Systemic administration of a novel human umbilical cord mesenchymal stem cells population accelerates the resolution of acute liver injury

Authors: Patrizia Burra, Diletta Arcidiacono, Debora Bizzaro, Tatiana Chioato, Rosa Di Liddo, Antara Banerjee, Andrea Cappon, Patrizio Bo, Maria Teresa Conconi, Pier Paolo Parnigotto, Silvia Mirandola, Enrico Gringeri, Amedeo Carraro, Umberto Cillo, Francesco Paolo Russo

Published in: BMC Gastroenterology | Issue 1/2012

Abstract

Background

Hepatocytes and stem cells transplantation may be an alternative to liver transplantation in acute or chronic liver disease. We aimed to evaluate the therapeutic potential of mesenchymal stem cells from human umbilical cord (UCMSCs), a readily available source of mesenchymal stem cells, in the CCl₄-induced acute liver injury model.

Methods

Mesenchymal stem cells profile was analyzed by flow cytometry. In order to evaluate the capability of our UCMSCs to differentiate in hepatocytes, cells were seeded on three different supports, untreated plastic support, Matrigel^TM and human liver acellular matrix. Cells were analyzed by immunocitochemistry for alpha-fetoprotein and albumin expression, qPCR for hepatocyte markers gene expression, Periodic Acid-Schiff staining for glycogen storage, ELISA for albumin detection and colorimetric assay for urea secretion.

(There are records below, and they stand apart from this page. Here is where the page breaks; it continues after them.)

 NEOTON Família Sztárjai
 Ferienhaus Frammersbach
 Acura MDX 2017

To assess the effects of undifferentiated UCMSCs in hepatic regeneration after an acute liver injury, we transplanted them via tail vein in mice injected intraperitoneally with a single dose of CCl₄. Livers were analyzed by histological evaluation for damage quantification, immunostaining for Kupffer and stellate cells/liver myofibroblasts activation and for UCMSCs homing. Pro- and anti-inflammatory cytokines gene expression was evaluated by qPCR analysis and antioxidant enzyme activity was measured by catalase quantification.

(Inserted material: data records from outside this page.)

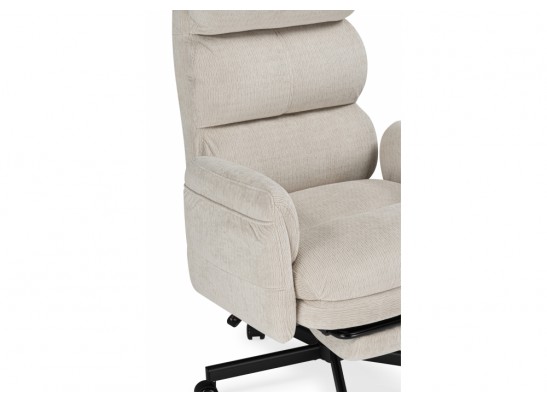 Компьютерное кресло Restore бежевый / черный в Ростове-на-Дону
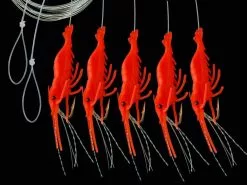 DEGA Makrelen-Shrimp Vorfach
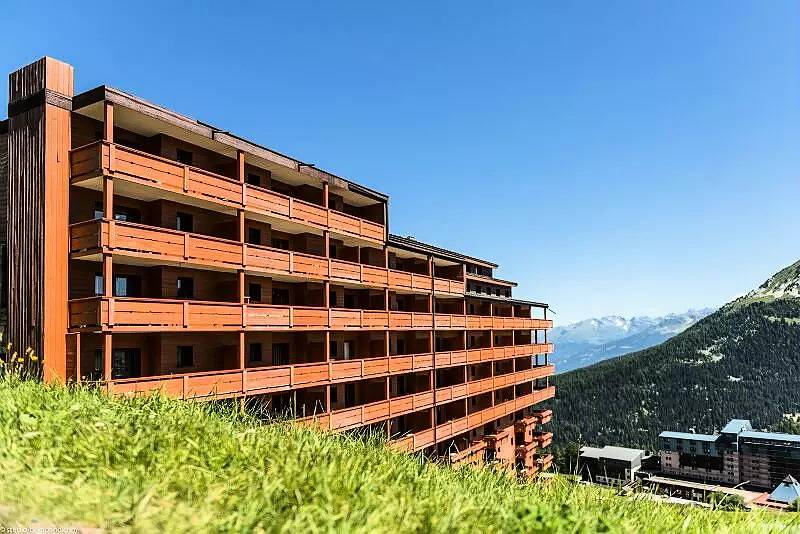 Ganze Wohnung, Apartment Selection 2 Schlafzimmer (6 Personen) in Aime 2000, Aime-la-Plagne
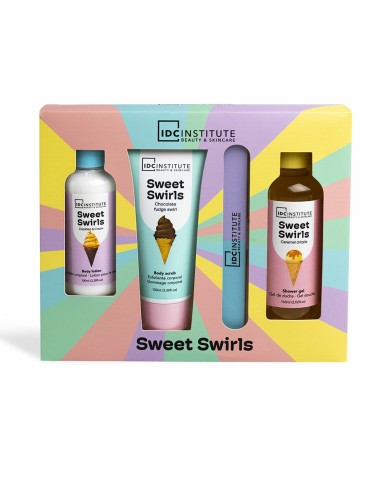 Strisce Detergenti per i Pori IDC Institute SWEET SWIRLS Strisce Detergenti per i Pori IDC Institute SWEET SWIRLS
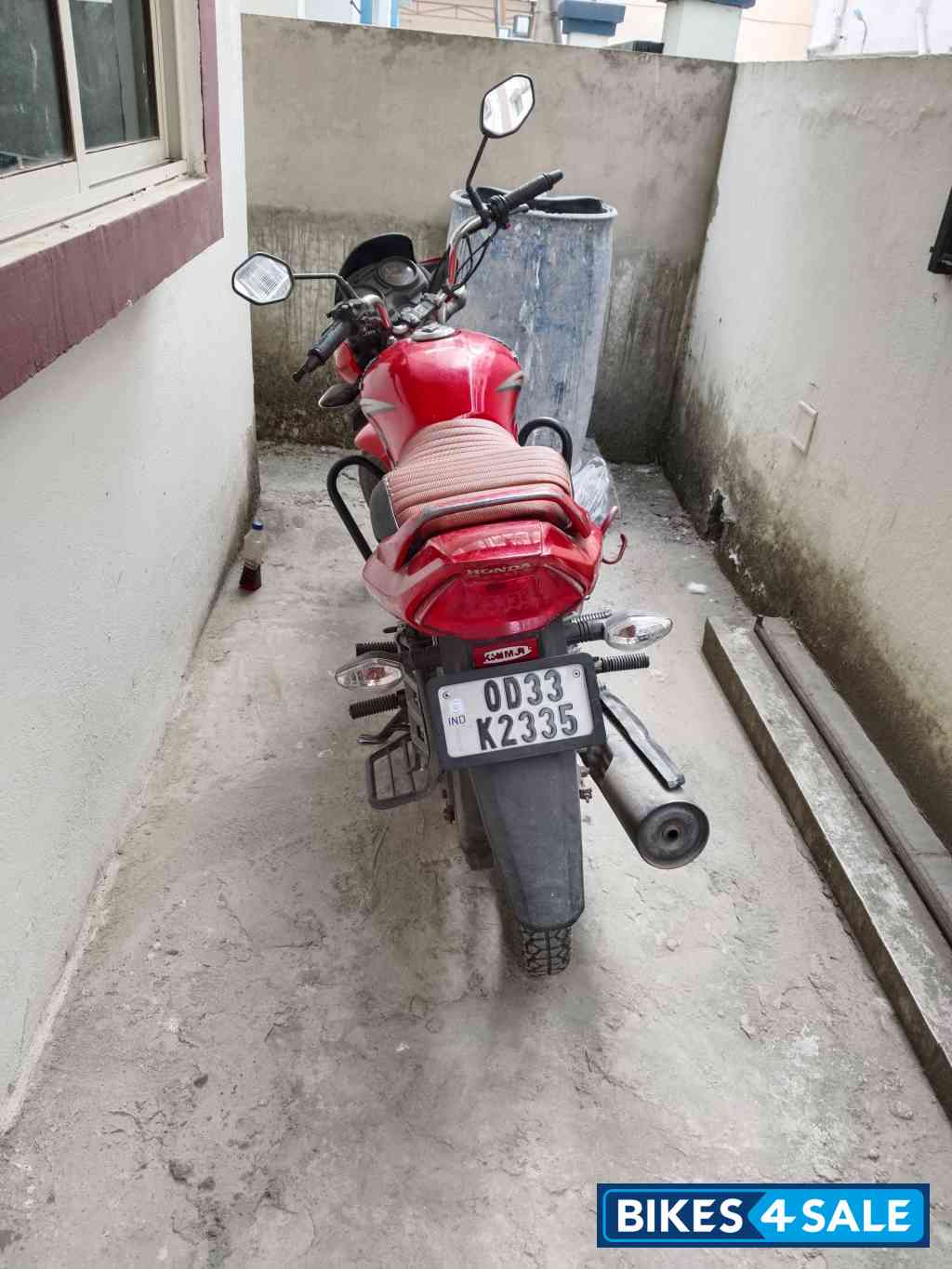 Honda Shine 125 OBD2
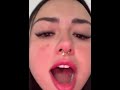 Girl Burp #burping #arroto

Data were analyzed by Mann–Whitney U-test, Kruskal-Wallis test and Cuzick’s test followed by Bonferroni correction for multiple comparisons.

Results

We have standardized the isolation procedure to obtain a cell population with hepatogenic properties prior to in vivo transplantation. When subjected to hepatogenic differentiation on untreated plastic support, UCMSCs differentiated in hepatocyte-like cells as demonstrated by their morphology, progressive up-regulation of mature hepatocyte markers, glycogen storage, albumin and urea secretion. However, cells seeded on 3D-supports showed a minor or negligible differentiation capacity.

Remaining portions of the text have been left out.